Vom 23. bis zum 29. Oktober werden an fünf Spielorten 14 Inszenierungen, Installationen und Ausstellungen von Künstlern aus einem Dutzend Ländern gezeigt. Zum Start die Premiere Schaubuden-Eigenproduktion fürs noch ganz junge Publikum „verrückt!“: Im „kleinen Theater vom Ende der Welt“, so die geheimnisvolle Ankündigung, könne man Apparate, technische Überbleibsel und Abfälle sowie fragile, unheimliche Wesen bestaunen, die von einem Puppenspieler für einen kurzen poetischen Augenblick zum Leben erweckt werden.

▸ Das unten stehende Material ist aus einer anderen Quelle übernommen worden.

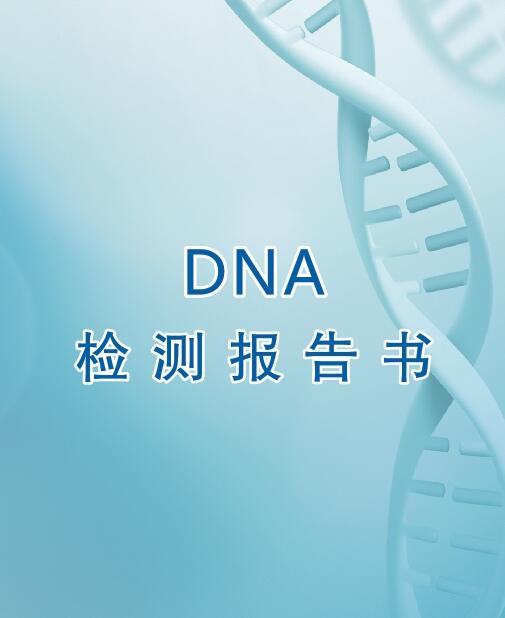 丽水亲子鉴定流程之出具报告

Der rührige, verdienstvolle Festival- und Schaubuden-Chef Tim Sandweg sagt über das Motto „Kaputt“: „Was ist nicht alles kaputt: Die Welt fliegt auseinander, psychische Probleme nehmen zu, das mit dem Weltfrieden haben immer noch nicht hinbekommen, das mit dem Klimaschutz auch nicht. Doch es geht uns hier nicht allein um dystopische Szenarien, sondern vor allem um transformierende Momente: Erst wenn das Alte weg ist, kann Neues geschaffen werden. In der Kunst war Zerstörung schon immer ein probates Mittel. Nicht zuletzt: Kaputtmachen hat einen hohen Lustfaktor…“ – Da klingt womöglich ein alt-emanzipatorischer Schlachtruf an: Macht kaputt, was euch kaputt macht!
(23.-29. Oktober; Spielorte: Schaubude, FELD, Podewil, radialsystem, WABE. Nähere Infos und Termine: www.schaubude Berlin)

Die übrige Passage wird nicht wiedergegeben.